:: SUPPLIED INFORMATION

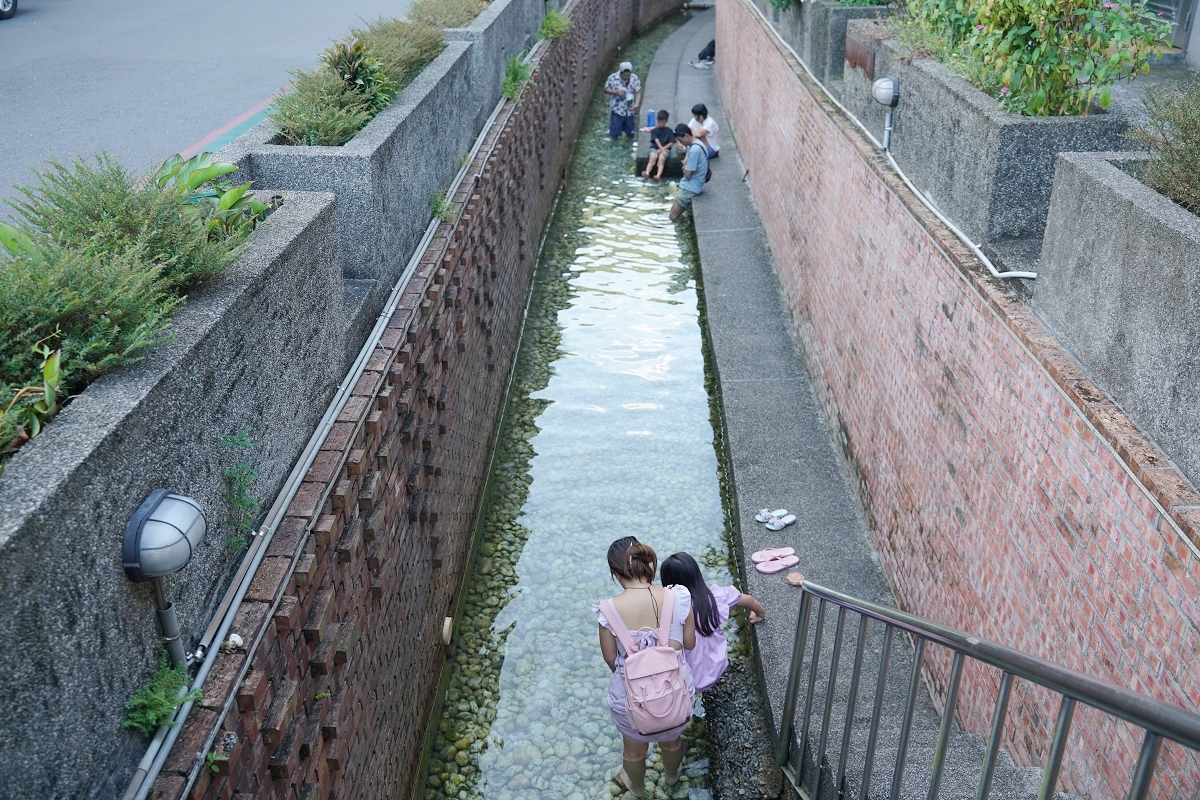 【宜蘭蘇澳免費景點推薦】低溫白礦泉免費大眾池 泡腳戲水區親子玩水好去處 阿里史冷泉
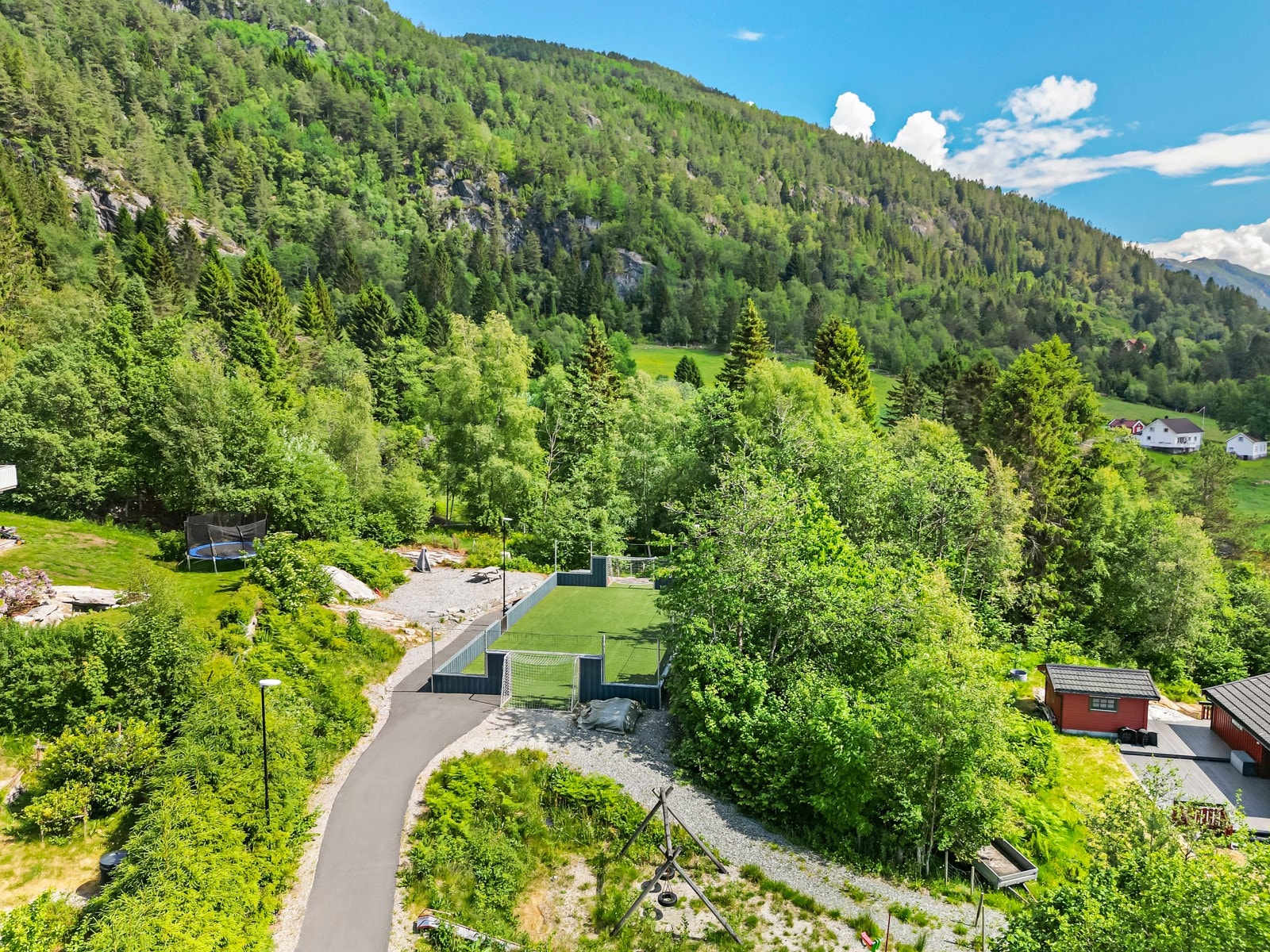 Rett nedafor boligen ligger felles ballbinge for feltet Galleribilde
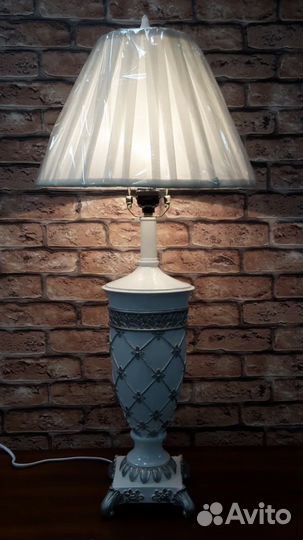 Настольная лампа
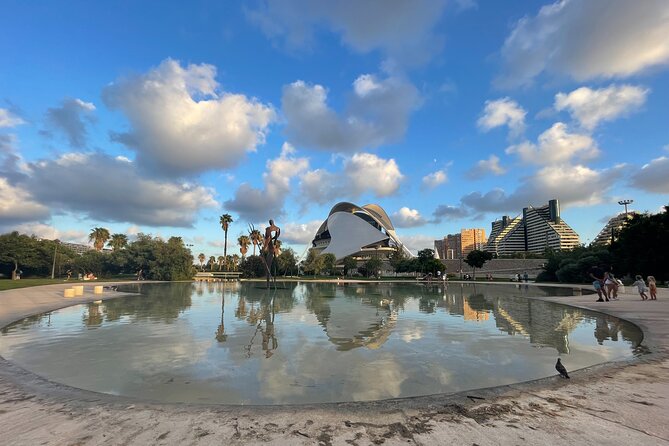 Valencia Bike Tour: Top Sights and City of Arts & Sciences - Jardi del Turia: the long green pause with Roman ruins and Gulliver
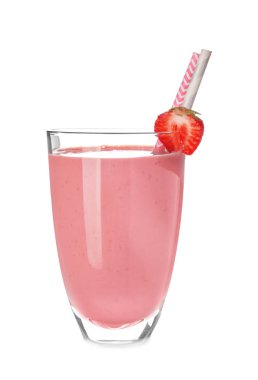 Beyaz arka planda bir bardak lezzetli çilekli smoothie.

::::

## TASK REQUIREMENTS
Copy the lines from the line that contains "Valencia Bike Tour: Top" through the end of the records, exactly and with nothing added; leave the pictures out.

## RESULT OF THIS TASK
 Valencia Bike Tour: Top Sights and City of Arts & Sciences - Jardi del Turia: the long green pause with Roman ruins and Gulliver
 Beyaz arka planda bir bardak lezzetli çilekli smoothie.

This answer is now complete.